TAG="v$(date +%Y%m%d)-${CI_COMMIT_SHORT_SHA}"
echo "=== Building ==="
buildah build -t "${IMAGE}:${TAG}" .
echo "=== Generating SBOM ==="
syft "${IMAGE}:${TAG}" -o spdx-json > sbom.spdx.json
echo "=== Scanning for vulnerabilities ==="
grype sbom:sbom.spdx.json --fail-on critical
# Pipeline FAILS if critical vulnerabilities found
echo "=== Pushing image ==="
podman push "${IMAGE}:${TAG}"
echo "=== Signing image ==="
cosign sign --key env://COSIGN_PRIVATE_KEY "${IMAGE}:${TAG}"
echo "=== Attaching SBOM attestation ==="

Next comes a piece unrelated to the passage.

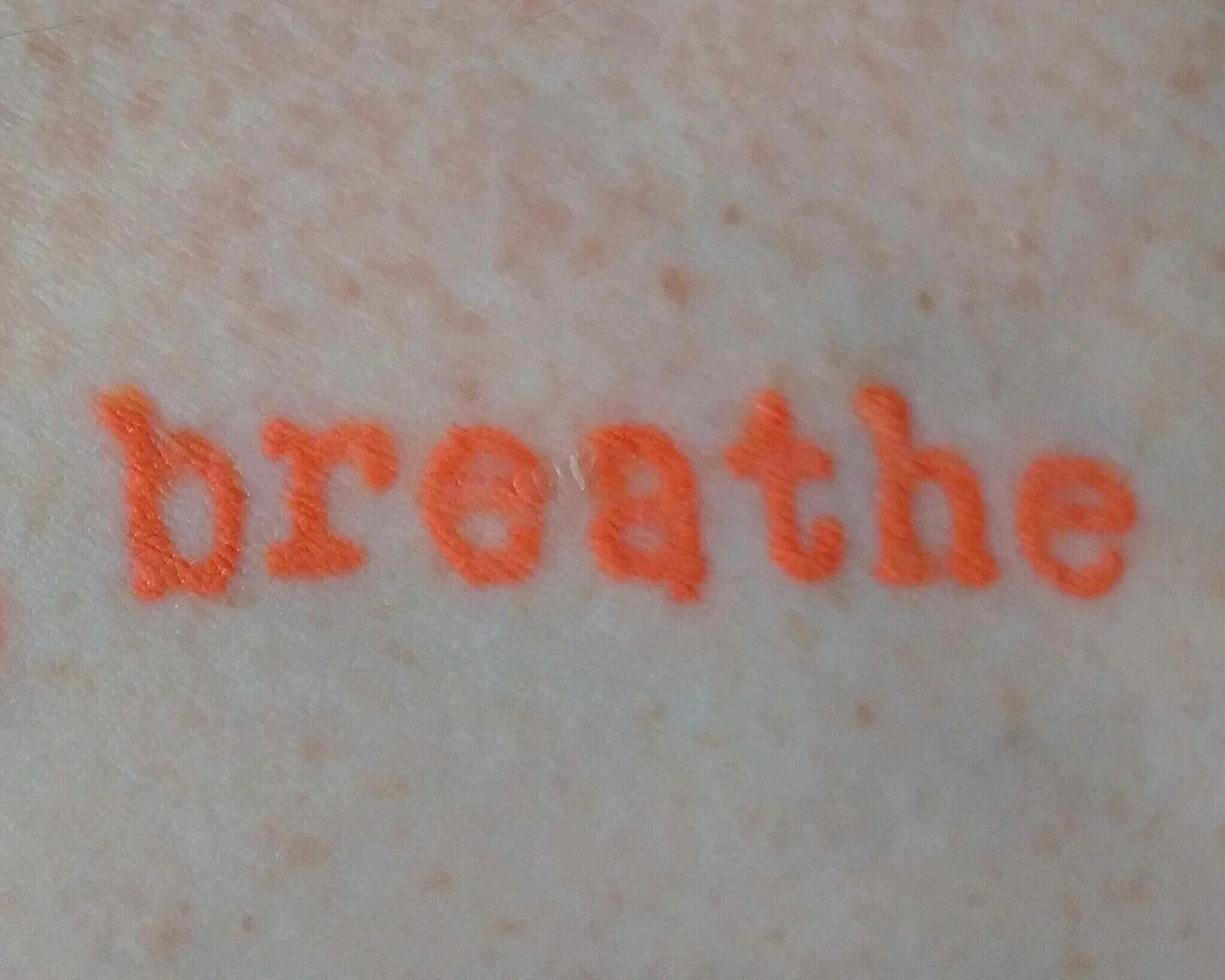 Orange tattoo of the word breathe.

cosign attest --predicate sbom.spdx.json \
--type spdxjson \
--key env://COSIGN_PRIVATE_KEY \
"${IMAGE}:${TAG}"
echo "=== Attaching provenance ==="
# Generate provenance
cat > provenance.json << PROV
{
"_type": "https://in-toto.io/Statement/v1",
"subject": [{"name": "${IMAGE}", "digest": {"sha256": "$(podman inspect ${IMAGE}:${TAG} --format='{{.Digest}}' | cut -d: -f2)"}}],
"predicateType": "https://slsa.dev/provenance/v1",
"predicate": {
"buildDefinition": {
"buildType": "https://company.com/ci@v1",
"externalParameters": {"source": "${CI_REPOSITORY_URL}", "ref": "${CI_COMMIT_REF}"}
},
"runDetails": {"builder": {"id": "${CI_PIPELINE_URL}"}}
}
}
PROV
cosign attest --predicate provenance.json \
--type slsaprovenance \
--key env://COSIGN_PRIVATE_KEY \
"${IMAGE}:${TAG}"
echo "=== Verification ==="
cosign verify --key cosign.pub "${IMAGE}:${TAG}"
cosign verify-attestation --type spdxjson --key cosign.pub "${IMAGE}:${TAG}"

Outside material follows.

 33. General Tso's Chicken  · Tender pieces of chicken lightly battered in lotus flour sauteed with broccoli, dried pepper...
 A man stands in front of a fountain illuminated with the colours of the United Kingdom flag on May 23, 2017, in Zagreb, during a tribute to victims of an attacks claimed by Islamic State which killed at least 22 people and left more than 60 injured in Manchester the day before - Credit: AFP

echo "DONE: ${IMAGE}:${TAG} — signed, attested, verified"
Supply chain security is not a product you buy — it is a practice you adopt. SBOMs give you visibility into what you ship. Sigstore gives you cryptographic proof of who built it and that it has not been tampered with. SLSA gives you a framework for progressively hardening your build pipeline. Together, they transform your software delivery from "trust the binary" to "verify everything, trust nothing." The tools are free, open source, and production-ready. The only cost is the discipline to integrate them into every build.